■ **WHAT TO PRODUCE**
Copy exactly the line that contains "Smartshake Reforce 无锡钢铁" plus all remaining lines of the data, and leave out every line before it.

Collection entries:
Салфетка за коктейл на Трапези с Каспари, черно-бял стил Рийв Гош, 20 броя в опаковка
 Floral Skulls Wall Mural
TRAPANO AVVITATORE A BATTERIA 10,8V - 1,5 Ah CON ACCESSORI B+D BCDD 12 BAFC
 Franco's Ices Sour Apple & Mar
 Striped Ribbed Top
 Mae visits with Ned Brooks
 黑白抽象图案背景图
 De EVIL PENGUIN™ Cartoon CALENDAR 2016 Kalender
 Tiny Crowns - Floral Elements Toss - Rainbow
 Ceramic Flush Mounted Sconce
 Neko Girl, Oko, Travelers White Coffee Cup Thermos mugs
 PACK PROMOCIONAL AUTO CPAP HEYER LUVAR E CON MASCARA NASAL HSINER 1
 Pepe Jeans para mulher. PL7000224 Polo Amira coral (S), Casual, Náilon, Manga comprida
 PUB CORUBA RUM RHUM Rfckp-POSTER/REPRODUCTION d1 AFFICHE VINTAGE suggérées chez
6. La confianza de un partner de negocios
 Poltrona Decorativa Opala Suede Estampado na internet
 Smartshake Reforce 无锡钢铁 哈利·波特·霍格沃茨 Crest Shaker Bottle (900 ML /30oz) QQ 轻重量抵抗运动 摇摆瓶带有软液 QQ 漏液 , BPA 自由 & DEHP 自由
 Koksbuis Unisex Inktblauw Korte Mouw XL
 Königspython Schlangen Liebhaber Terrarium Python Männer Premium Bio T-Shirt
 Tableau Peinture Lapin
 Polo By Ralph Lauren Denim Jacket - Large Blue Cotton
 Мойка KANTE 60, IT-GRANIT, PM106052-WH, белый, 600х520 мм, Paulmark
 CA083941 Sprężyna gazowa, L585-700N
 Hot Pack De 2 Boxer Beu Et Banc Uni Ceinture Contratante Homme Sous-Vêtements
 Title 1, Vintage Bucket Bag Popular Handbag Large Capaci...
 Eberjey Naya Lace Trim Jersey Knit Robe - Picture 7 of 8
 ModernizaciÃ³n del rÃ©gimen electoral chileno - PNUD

■ **OUTPUT FOR THIS EXERCISE**
 Smartshake Reforce 无锡钢铁 哈利·波特·霍格沃茨 Crest Shaker Bottle (900 ML /30oz) QQ 轻重量抵抗运动 摇摆瓶带有软液 QQ 漏液 , BPA 自由 & DEHP 自由
 Koksbuis Unisex Inktblauw Korte Mouw XL
 Königspython Schlangen Liebhaber Terrarium Python Männer Premium Bio T-Shirt
 Tableau Peinture Lapin
 Polo By Ralph Lauren Denim Jacket - Large Blue Cotton
 Мойка KANTE 60, IT-GRANIT, PM106052-WH, белый, 600х520 мм, Paulmark
 CA083941 Sprężyna gazowa, L585-700N
 Hot Pack De 2 Boxer Beu Et Banc Uni Ceinture Contratante Homme Sous-Vêtements
 Title 1, Vintage Bucket Bag Popular Handbag Large Capaci...
 Eberjey Naya Lace Trim Jersey Knit Robe - Picture 7 of 8
 ModernizaciÃ³n del rÃ©gimen electoral chileno - PNUD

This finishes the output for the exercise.